Key Markets Likely to React to Exports
Israel’s export performance has a direct impact on several key markets. The USDILS forex pair is highly sensitive to trade shocks, as export weakness typically drives shekel depreciation. The TA35 equity index tracks the performance of Israel’s largest companies, many of which are exporters. Global tech stocks, such as NVDA, often move in tandem with Israel’s tech exports. The EURILS pair reflects trade flows with the EU, Israel’s largest export market. Finally, crypto assets like ETHUSD can react to shifts in risk sentiment linked to macro data.
- TA35: Israel’s main equity index, closely tied to exporter performance.
- USDILS: Shekel-dollar pair, highly responsive to trade data and monetary policy shifts.
- EURILS: Tracks trade flows with the EU, Israel’s top export destination.
- NVDA: Global tech bellwether, correlated with Israel’s electronics exports.
- ETHUSD: Crypto asset, sensitive to shifts in global risk appetite.
| Year | Exports (M ILS) | TA35 Index (avg) |
|---|---|---|
| 2020 | 3,200 | 1,350 |
| 2021 | 3,900 | 1,550 |
| 2022 | 4,400 | 1,700 |
| 2023 | 4,800 | 1,820 |
| 2024 | 4,950 | 1,900 |
| 2025 | 5,000 | 1,950 |
| Jan 2026 | 5,105 | 1,910 |
Since 2020, Israel’s exports and the TA35 index have shown a strong positive correlation, with both trending higher until late 2025. The January 2026 export drop coincided with a dip in the TA35, highlighting the market’s sensitivity to trade shocks.
FAQ
Q1: What does Israel’s January 2026 export data reveal about the economy?
A1: The sharp 9.3% month-over-month drop to 5,105 million ILS signals renewed external headwinds and raises concerns about growth momentum.
Q2: How does this export reading compare to recent months?
A2: January’s figure is down from December’s 5,627.1 million ILS, but still above the 12-month average. The trend has turned negative after a brief surge.
Q3: What are the main risks and opportunities for Israel’s export sector?
A3: Risks include global demand weakness and regional tensions. Opportunities may arise if US and EU demand rebounds or the shekel remains competitive.
Bottom line: Israel’s January 2026 export slump is a clear warning sign for policymakers and investors, with macro risks now tilted to the downside.
Updated 2/12/26
- Sigmanomics database, Israel Exports, release 2/12/2026.

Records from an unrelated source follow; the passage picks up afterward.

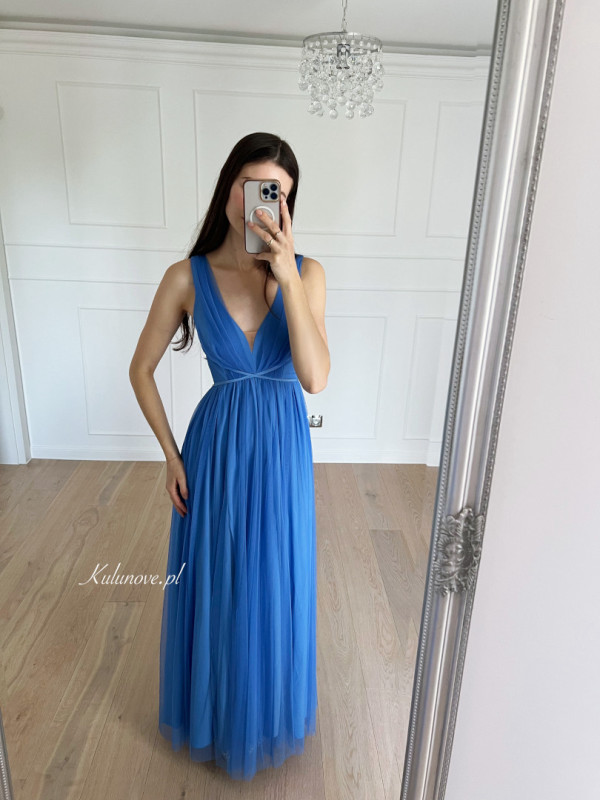 Zendaya - ethereal long sapphire tulle strapless dress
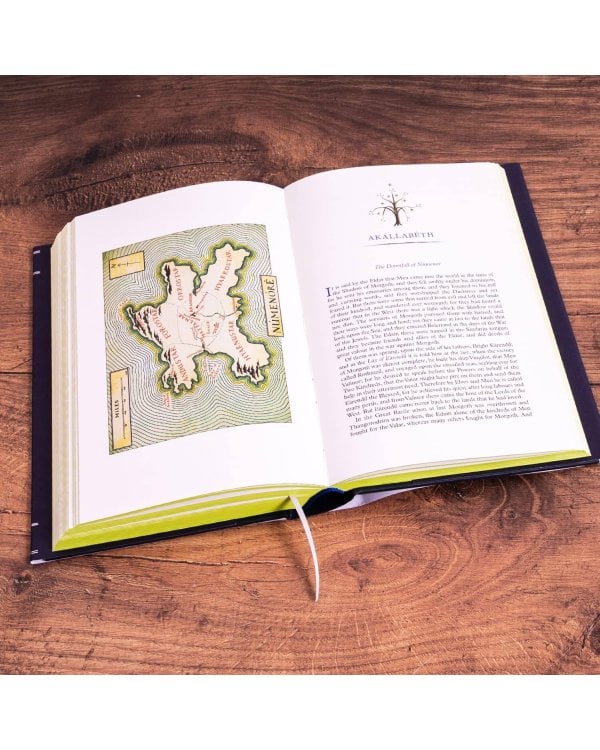 Silmarillion (Tolkien J.R.R.) Сильмариллион (Д.Р.Р Толкин) /Книги на английском языке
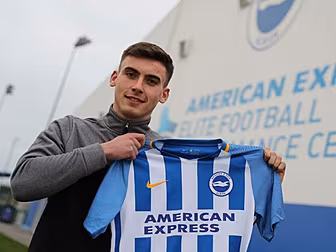 Brighton sign hot young Irish...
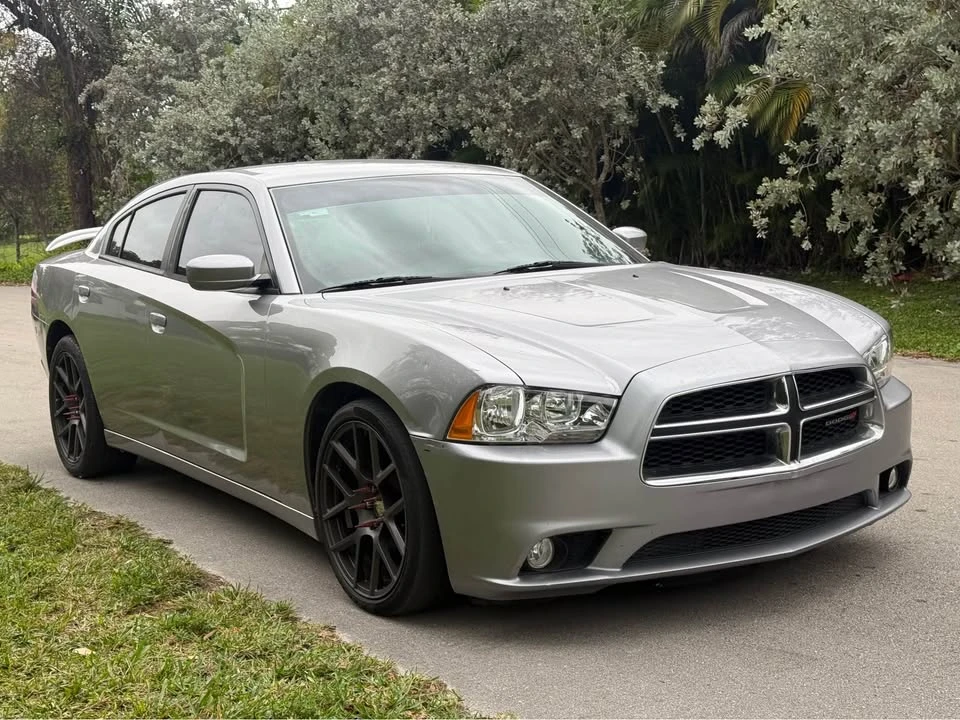 2013 Dodge Charger 6th Gen - Image 2 of 6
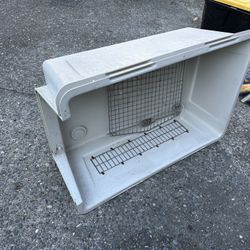 Free dog Crate 
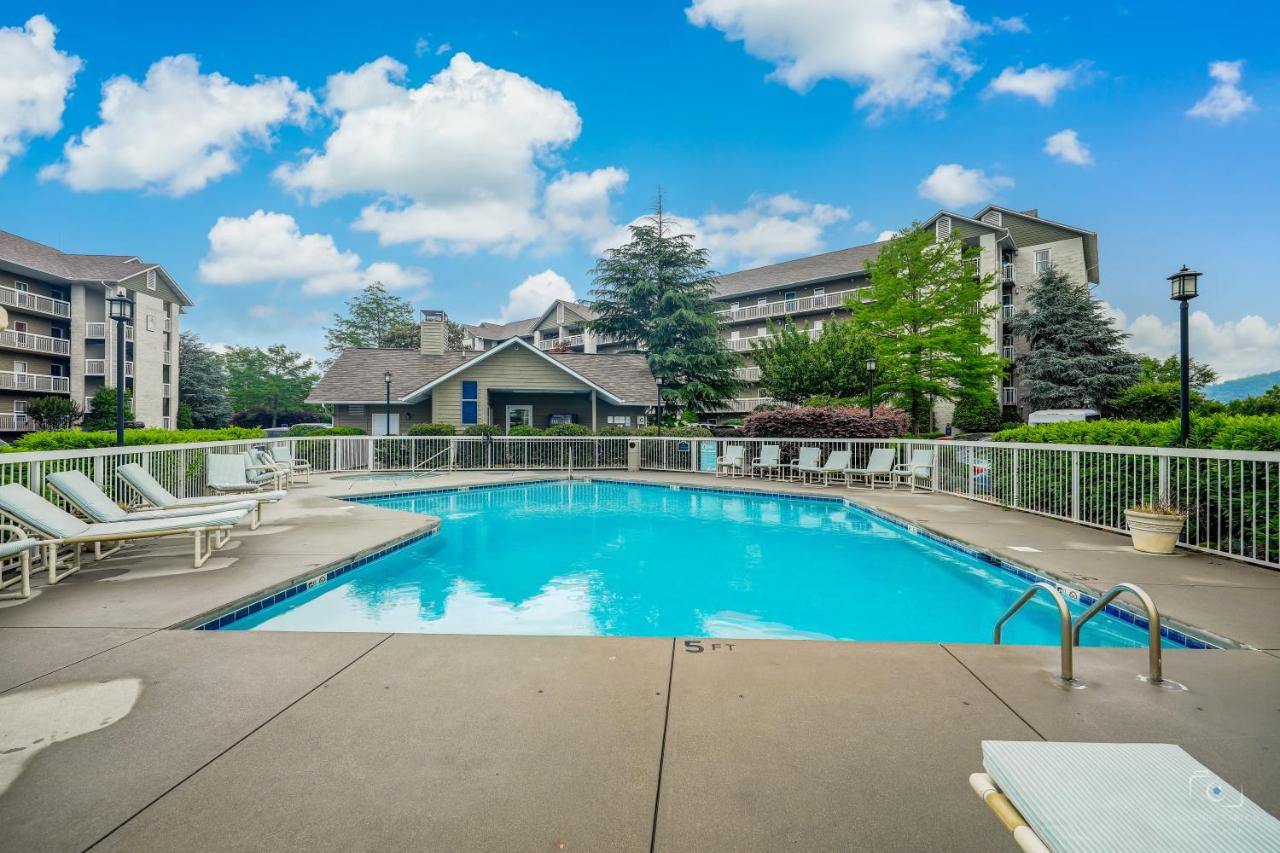 Greenbrier Getaway Whispering Pines 524 - Chambres d'hôtes Pigeon Forge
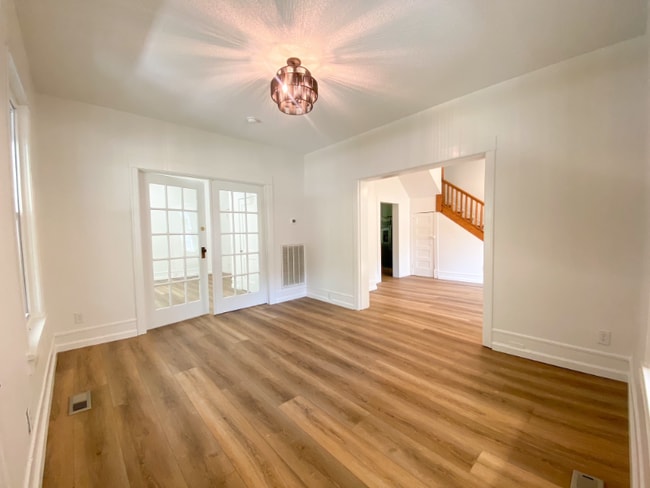 Photo - 404 Lamont St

- Bank of Israel, Monetary Policy Reports, 2025–2026.
- Israel Central Bureau of Statistics, Trade Data, 2025–2026.









January 2026’s export figure of 5,105 million ILS marks a sharp reversal from December’s 5,627.1 million ILS, and sits just above the 12-month average of 4,927 million ILS. The month-over-month decline of 9.3% is the steepest since September 2025, when exports dropped to 4,386.3 million ILS. The volatility underscores the sector’s sensitivity to global demand and geopolitical risks.
Looking further back, exports in August 2025 peaked at 5,260.1 million ILS, before a two-month slide to October’s 4,695.6 million ILS. The December rebound proved short-lived, with January’s print erasing much of the prior month’s gains. The year-on-year comparison remains positive, but the near-term trend is clearly downward.